Even though this court in a trial de novo might arrive at a different result, it may not substitute its judgment for that of an administrative agency presumably expert in its field. As this court said in Pittsburgh Plate Glass Co. v. National Labor Relations Board, 8 Cir., 1940, 113 F.2d 698, 701, affirmed 313 U.S. 146, 61 S.Ct. 908, 85 L.Ed. 1251:

"It must be remembered that, within the limits of the jurisdiction conferred upon it, the power of a court or an administrative board to decide questions is not confined to deciding them correctly. Thompson v. Terminal Shares, 8 Cir., 89 F.2d 652, 655. A jury may decide incorrectly issues of fact, but if its verdict is within the evidence its mistakes of fact cannot be corrected on review. Elzig v. Gudwangen, 8 Cir., 91 F.2d 434, 444. And the determination by a legislative body of a debatable question which it has power to decide is not subject to judicial reexamination. United States v. Carolene Products Co., 304 U.S. 144, 154, 58 S.Ct. 778, 82 L.Ed. 1234."

This court therefore must confine its review to a determination of whether or not the Secretary's conclusions were supported by substantial evidence viewing the record as a whole.

In asking this court to review and vacate such cease and desist order, the respondents raise the following claims of error:

1. The Judicial Officer erred in finding that respondent traders who flipped coins or used other similar methods to determine the order or turn in which they were to look at, bid on and have an opportunity to buy stocker and feeder cattle consigned for sale on a commission basis to the Berigan Brothers Livestock Commission Company thereby violated § 312(a) of the Act (7 U.S.C.A., 1952 ed., § 213(a)).

2. The Judicial Officer erred in finding that Berigan recognized the "order" or "turn" system established by the dealers, acquiesced in it and gave the dealers who won the "flip" favored treatment and priority instead of offering the cattle for sale to all interested buyers under open and free competitive conditions, in violation of §§ 304, 307 and 312(a) of the Act (7 U.S.C.A., 1952 ed., § 213(a)).

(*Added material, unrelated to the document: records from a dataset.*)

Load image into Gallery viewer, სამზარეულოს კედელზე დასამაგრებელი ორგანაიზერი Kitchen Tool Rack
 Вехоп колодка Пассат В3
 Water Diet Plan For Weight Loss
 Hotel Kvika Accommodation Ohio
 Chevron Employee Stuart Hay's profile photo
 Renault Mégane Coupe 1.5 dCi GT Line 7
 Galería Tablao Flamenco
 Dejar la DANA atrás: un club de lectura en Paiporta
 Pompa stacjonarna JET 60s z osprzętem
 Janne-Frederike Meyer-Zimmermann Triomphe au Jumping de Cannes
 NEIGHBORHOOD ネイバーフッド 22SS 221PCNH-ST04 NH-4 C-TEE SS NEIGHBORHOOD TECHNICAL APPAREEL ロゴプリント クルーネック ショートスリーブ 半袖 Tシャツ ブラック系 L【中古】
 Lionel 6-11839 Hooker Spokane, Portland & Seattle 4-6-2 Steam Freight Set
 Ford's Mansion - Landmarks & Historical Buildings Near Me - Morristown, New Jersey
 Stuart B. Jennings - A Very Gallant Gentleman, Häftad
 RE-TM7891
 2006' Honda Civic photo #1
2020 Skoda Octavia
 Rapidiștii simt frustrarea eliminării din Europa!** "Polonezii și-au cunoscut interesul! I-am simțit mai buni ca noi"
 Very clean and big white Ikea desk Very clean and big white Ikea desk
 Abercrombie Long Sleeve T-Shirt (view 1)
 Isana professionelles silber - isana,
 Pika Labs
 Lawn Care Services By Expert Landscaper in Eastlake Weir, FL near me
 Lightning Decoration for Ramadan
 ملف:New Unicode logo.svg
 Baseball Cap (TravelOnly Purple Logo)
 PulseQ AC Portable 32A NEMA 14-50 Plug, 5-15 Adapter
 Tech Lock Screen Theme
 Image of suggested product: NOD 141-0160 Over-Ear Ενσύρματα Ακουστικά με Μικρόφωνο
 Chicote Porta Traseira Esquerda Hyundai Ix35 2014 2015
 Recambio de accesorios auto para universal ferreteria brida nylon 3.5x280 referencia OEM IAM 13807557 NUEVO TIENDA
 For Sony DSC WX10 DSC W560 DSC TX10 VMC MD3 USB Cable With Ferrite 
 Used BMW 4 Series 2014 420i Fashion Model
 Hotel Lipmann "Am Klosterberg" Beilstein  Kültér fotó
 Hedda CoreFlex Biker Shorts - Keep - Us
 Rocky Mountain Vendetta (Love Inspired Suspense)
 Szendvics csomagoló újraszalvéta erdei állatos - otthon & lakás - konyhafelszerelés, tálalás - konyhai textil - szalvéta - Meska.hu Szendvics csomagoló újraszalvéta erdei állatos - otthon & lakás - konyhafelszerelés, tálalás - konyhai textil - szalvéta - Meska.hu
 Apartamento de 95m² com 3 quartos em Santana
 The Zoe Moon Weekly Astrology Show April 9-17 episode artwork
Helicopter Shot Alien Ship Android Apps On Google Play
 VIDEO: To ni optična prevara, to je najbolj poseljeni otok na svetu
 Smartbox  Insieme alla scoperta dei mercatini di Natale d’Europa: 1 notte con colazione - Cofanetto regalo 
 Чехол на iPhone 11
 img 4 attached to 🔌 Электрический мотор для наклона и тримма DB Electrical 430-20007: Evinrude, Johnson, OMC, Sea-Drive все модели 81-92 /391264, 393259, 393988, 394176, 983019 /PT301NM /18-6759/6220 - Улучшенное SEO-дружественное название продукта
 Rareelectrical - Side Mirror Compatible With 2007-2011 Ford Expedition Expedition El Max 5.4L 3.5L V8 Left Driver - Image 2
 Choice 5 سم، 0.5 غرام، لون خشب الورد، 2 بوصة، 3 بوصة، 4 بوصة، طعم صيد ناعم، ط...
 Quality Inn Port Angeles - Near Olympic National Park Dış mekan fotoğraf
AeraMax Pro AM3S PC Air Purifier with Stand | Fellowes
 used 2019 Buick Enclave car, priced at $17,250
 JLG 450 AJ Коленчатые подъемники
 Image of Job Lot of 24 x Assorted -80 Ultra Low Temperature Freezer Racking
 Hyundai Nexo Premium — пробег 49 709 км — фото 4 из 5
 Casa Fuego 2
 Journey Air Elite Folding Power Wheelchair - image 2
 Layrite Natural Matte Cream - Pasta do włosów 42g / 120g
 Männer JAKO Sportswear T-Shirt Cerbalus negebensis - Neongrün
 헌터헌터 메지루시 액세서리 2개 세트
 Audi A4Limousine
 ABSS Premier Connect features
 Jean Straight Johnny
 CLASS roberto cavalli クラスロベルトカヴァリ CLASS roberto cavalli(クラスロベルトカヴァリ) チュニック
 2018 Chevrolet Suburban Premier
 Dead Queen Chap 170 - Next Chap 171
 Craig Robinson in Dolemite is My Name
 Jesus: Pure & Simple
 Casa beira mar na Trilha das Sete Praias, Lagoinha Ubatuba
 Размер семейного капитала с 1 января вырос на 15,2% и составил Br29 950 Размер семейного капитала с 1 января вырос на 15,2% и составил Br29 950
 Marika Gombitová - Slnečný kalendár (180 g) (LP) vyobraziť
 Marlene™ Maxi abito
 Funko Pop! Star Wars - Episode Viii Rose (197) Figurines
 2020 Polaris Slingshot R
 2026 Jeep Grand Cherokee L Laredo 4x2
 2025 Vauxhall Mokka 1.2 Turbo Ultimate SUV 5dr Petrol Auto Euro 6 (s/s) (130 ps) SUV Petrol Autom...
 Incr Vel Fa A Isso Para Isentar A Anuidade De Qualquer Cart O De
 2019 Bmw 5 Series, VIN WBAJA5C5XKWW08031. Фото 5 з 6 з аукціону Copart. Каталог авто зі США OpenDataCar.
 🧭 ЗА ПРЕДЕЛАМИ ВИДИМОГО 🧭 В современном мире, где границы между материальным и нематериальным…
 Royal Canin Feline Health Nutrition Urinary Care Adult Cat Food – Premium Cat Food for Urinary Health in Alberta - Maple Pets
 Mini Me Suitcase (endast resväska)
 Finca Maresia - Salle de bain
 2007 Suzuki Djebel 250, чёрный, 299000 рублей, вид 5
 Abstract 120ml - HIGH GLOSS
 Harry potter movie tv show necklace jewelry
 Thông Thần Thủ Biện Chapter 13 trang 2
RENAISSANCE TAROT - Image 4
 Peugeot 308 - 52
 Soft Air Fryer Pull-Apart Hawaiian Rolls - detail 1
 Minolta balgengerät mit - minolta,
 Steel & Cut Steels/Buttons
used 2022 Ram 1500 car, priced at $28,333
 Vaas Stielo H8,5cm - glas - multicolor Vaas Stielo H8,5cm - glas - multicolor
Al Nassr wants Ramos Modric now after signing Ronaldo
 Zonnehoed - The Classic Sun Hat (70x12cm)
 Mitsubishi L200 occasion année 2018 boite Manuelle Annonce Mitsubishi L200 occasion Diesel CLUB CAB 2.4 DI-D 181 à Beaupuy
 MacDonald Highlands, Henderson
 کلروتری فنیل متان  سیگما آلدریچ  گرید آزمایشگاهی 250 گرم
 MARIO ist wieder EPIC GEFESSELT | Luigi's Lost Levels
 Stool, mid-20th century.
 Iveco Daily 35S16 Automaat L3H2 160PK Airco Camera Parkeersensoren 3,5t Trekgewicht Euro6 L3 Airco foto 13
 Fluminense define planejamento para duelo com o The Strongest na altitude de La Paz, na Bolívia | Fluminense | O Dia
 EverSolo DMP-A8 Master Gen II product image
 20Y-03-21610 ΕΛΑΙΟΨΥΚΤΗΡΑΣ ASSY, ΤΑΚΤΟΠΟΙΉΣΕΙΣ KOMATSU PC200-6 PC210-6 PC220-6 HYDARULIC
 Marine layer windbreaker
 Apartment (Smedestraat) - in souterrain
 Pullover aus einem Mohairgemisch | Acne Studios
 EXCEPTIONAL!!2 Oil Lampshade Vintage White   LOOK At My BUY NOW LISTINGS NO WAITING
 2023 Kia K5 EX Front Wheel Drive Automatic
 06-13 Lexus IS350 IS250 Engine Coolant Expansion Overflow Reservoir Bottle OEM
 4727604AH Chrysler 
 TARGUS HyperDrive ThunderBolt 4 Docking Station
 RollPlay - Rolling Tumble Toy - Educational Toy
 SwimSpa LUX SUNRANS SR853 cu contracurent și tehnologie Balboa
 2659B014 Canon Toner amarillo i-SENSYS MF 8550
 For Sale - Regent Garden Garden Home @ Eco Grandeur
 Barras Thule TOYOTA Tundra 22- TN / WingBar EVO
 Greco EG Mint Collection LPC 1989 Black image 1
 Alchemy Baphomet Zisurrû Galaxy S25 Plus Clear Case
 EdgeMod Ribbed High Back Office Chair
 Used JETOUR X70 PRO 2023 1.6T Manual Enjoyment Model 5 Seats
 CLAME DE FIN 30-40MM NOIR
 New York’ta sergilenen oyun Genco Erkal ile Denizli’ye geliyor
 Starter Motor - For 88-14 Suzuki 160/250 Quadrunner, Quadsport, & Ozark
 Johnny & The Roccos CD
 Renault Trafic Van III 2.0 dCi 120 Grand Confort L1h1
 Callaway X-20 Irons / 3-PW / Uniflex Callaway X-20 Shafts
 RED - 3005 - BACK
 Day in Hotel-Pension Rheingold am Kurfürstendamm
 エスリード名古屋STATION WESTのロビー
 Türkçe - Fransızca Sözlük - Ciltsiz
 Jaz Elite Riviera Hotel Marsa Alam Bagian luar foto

3. The Judicial Officer erred in finding that Berigan, in filling orders for the purchase of cattle, failed to render just and reasonable buying services, in that Berigan instead of buying cattle on the open market bought a major portion from certain favored dealers who in many instances had originally purchased the same cattle from Berigan on the same day or a day or two before at substantial mark-ups, thereby violating §§ 304, 307 and 312(a) of the Act (7 U.S.C.A., 1952 ed., § 213(a)).

4. The Judicial Officer erred in entering a cease and desist order against respondents.

With these claims of error in mind, and limited as we are in our review, we have examined the record before us.

The principal issues here relate to the validity of the "turn system", as such term system was practiced in the purchase of stocker and feeder cattle by livestock dealers from Berigan. Berigan is engaged in the business of buying and selling livestock on commission at the Union Stockyards in Omaha, Nebraska, and is duly registered under the provisions of the Packers and Stockyards Act as amended. The traders are engaged in the business of buying and selling livestock for their own account and each is duly registered as a dealer under the provisions of the Act.

At the Union Stockyards livestock are sold by private treaty rather than by auction; i.e., only one person at a time is permitted to examine and bid on livestock and the livestock are generally sold to the first person who bids a price which the commission man considers to be the market value. The selling of livestock by individual negotiation or private treaty with successive prospective buyers, as opposed to the auction system, is in use at all terminal stockyards. The process of selling livestock on a terminal market was described by Mr. Lee D. Sinclair, Chief of the Packers and Stockyards Division, as follows:

"It is the duty of a commission man when he receives a consignment to size them up, shape them, get them in the best condition that he can and then in his own mind determine what the value of the livestock is on the market that day at that time, and when he takes a buyer into his alley, regardless of who the buyer may be, it is his duty to sell to the buyer that first bids him his opinion of the market value of the livestock if he believes that is the best he can get on it that day. If the first man bids him the price that he thinks is right, he certainly has the right to sell to him and normally I expect he would. He has a right certainly of making up his mind as to what the livestock is worth. If he gets a bid equal to that he can sell it without question.

"A weak salesman may price his livestock a little high and let the bidders coming in kind of fix the market for him. I have seen instances where I believe that was happening. And if that salesman waits for four, five or six bidders to come in and doesn't lower his bid he is likely to get lower than the market if he priced them right early in the morning."

The use of the private treaty system as so described is not questioned by the government as a proper method of selling livestock.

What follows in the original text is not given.